La afirmación de que cada gota de agua que llevamos en el pico contribuye al bien del mundo puede conducir a cierto desánimo y escepticismo. Quizá se entiende mejor desde el punto de vista que ofrece Hannah Arendt y su teoría de la banalización del mal: los grandes males no los causan los malvados y poderosos, sino las personas pequeñas y corrientes que asumen y acatan el orden establecido puesto que no es posible cambiarlo ni luchar contra él. Rebelarse, en muchos casos, traería invariablente muerte y sufrimiento.
En la película sobre Hannah Arendt (judía que pasó tiempo en un campo de detención nazi, filósofa destacada en sus estudios sobre el totalitarismo, profesora de universidad en Estados Unidos) se muestra cómo desarrolla su teoría sobre la banalización del mal a partir del juicio en Israel al nazi Adolf Eichmann. Escribe Hannah en el New Yorker que Eichmann es un hombre absolutamente anodino y mediocre, incapaz de estar a la altura del extremismo del mal que provocó.
Este hombre no tenía en absoluto ninguna conciencia de haber asesinado a nadie; se limitaba a cumplir su trabajo: organizar en un determinado tramo el paso de los trenes. Y realizó su trabajo con absoluta dedicación y entrega, de lo que se siente orgulloso, pues para él el valor más importante es respetar la ley y trabajar con profesionalidad.
Eichmann está convencido de que cumplió con su deber. Hannah Arendt explica esta situación porque suspendemos la capacidad de pensamiento y se la traspasamos a otro que decide por nosotros. Aunque quizá ese otro u otros a su vez en realidad no pueden decidir nada, y al final nadie parece ser responsable del horror creado entre todos.
Hannah se atreve a dar un paso más allá y plantea que en cierto modo la actuación de los líderes judíos puede estudiarse desde los mismos parámetros, pues se limitaron a acatar lo que no podía cambiarse. Por estas afirmaciones la escritora es acusada de arrogante e insensible, y sufrió el rechazo masivo y visceral de judíos y no judíos.
La misma Hannah, a pesar del rechazo, hizo lo único que estaba en ella hacer: pensar y abrir a los demás caminos del pensamiento. No juzga la actuación de los líderes judíos, y sin duda considera que Eichmann merece la condena de morir colgado. Solamente constata que el mal pervive por la colaboración de las personas anónimas. Como antídoto, propone el pensar, como fuente de fuerza especialmente en aquellos momentos en que todo parece perdido.
Dice la pensadora, y es mi conclusión, que el mal puede ser extremo, pero nunca radical: radical y consciente solo puede ser el bien.

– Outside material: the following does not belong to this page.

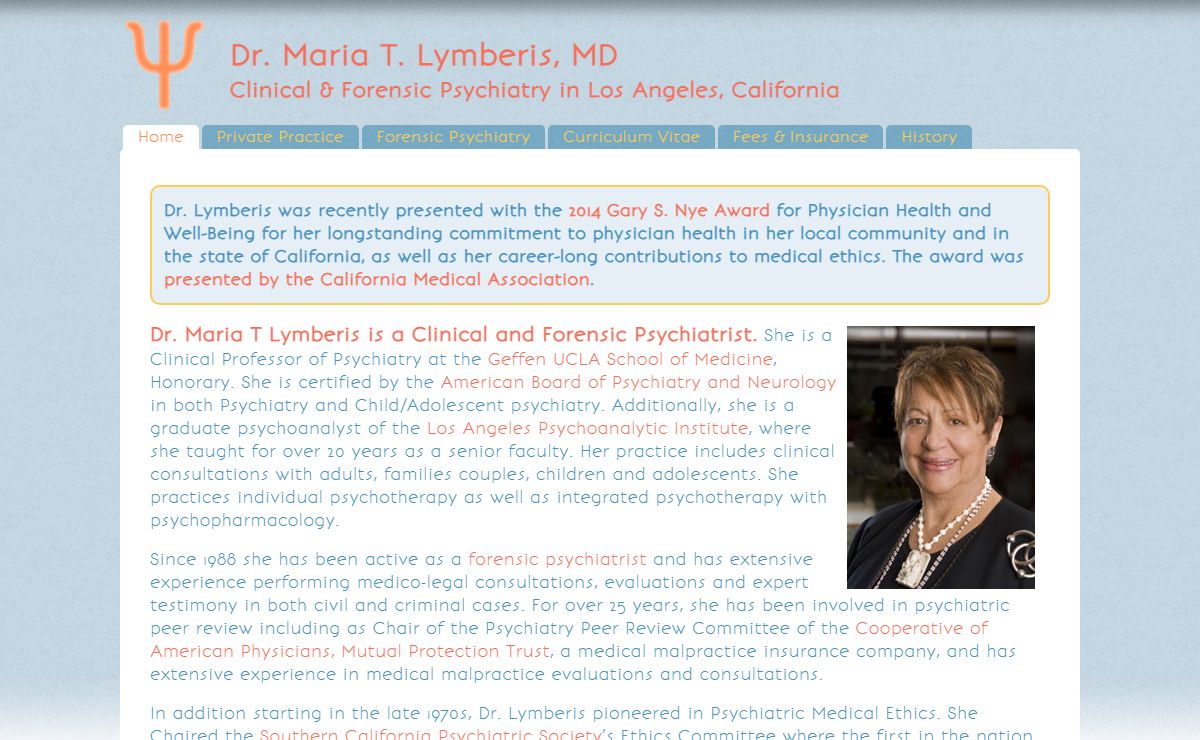 Los Angeles Forensic Psychiatry, Expert Witness and Clinical Psychiatry :: Dr. Maria T. Lymberis MD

Es difícil pensar cuando las estructuras del mal nos constriñen el cerebro como un casco con tuercas de tortura. Por eso el bien es la revolución, dura, difícil y solitaria. Por eso el mal lo tiene tan fácil, y nosotros somos y nos sentimos tan limitados.
Se equivocaba el águila al mofarse del colibrí con su gota de agua en el pequeño pico para apagar el fuego; no supo ver la conciencia y radicalidad que llevaba el pájaro consigo. Es así como la gota se convierte en necesaria y revolucionaria y como acabará por llamar a otros y apagar el fuego.